C’est tout ceci que l’on retrouve sur cet album, mais ce qui fait aussi tout son charme, c’est évidemment son chanteur Niklas. Et il joue à merveille son rôle de conteur des temps passés, des tragédies, des malheurs de ce monde. Il a un chant qui va nous rappeler celui d’Allan Averil Nemtheanga, quand il se met à éructer ses peines avec émotion, avec un chant clair un peu granuleux, qui avait fait merveille à l’époque sur l’unique album de Latitude Egress. L’on retrouve d’ailleurs pas mal de moments qui nous font penser à cette formation, et ce n’est pas pour me déplaire, mais pas seulement dans le chant, mais aussi quand le groupe se permet de faire monter l’intensité sur ses titres, comme sur Golden Mending.
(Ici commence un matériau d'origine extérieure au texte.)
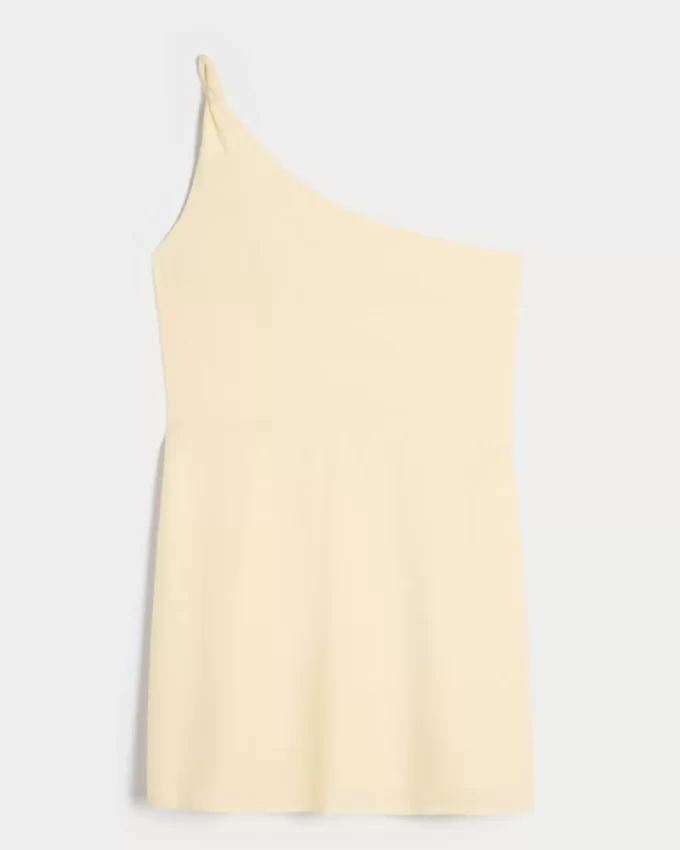 Asymetryczna mini sukienka z mieszanki lnu Asymetryczna mini sukienka z mieszanki lnu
D’ailleurs, il ne faut pas s’y tromper, Niklas le dit d’entrée de jeu sur le titre Golden Mending: « I carry a burden ». C’est bien cela que l’on ressent au travers de son chant: la mise à nue et sans fard de ses émotions, de ses regrets et de ses chagrins. Et le fait qu’il sache mettre de l’intensité dans son interprétation rend ces compositions toutes sauf linéaires. C’est d’ailleurs ce qui fait l’intérêt de cette réalisation, à savoir ce savant mélange de tous les éléments énumérés pour en faire une musique assez touchante et qui exprime bien ce côté à la fois solitaire et éploré d’un être en proie à ses regrets, à ses souffrances, et qui n’a pas eu d’autres solutions que de choisir celle de l’exil permanent, au sens propre comme au sens figuré, afin de ne pas trop s’attacher aux autres et ne plus nourrir de regrets supplémentaires.
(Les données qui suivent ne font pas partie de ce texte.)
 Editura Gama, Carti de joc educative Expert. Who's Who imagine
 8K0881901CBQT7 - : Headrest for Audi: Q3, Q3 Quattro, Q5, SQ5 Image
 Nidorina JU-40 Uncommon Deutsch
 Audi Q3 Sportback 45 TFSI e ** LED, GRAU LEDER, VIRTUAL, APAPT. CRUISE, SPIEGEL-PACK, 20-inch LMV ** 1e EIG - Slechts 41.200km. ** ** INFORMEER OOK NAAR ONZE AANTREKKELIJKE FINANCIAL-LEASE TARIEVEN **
Vous l’aurez compris, As Strangers We Depart est ainsi une belle réalisation d’un doom metal tout sauf joyeux et qui n’a pas besoin de beaucoup d’artifices pour émouvoir son auditoire et nous faire penser à notre condition d’humain dans ce monde post-moderne. Cross Vault n’en finit pas de progresser et a bien fait de prendre son temps pour peaufiner ce nouvel album, qui bénéficie d’une belle production, en ayant d’ailleurs gommé les défauts du précédent album et ce son de basse horripilant à l’époque. Cette réalisation est donc une très belle réussite d’un groupe que l’on n’attendait pas dans une aussi belle forme et qui devrait plaire aux amateurs des références citées ci-dessus, et qui, en tout cas, s’inscrit dans cette liste de très bons albums de doom metal sortis cette année, aux côtés des Carcolh, Dread Sovereign et Wheel. Si vous cherchez un album de doom metal honnête dans ses sentiments et dans sa propension à décliner une certaine forme de mélancolie, sans se départir d’une certaine beauté, nul doute que ce As Strangers We Depart devrait vous ravir.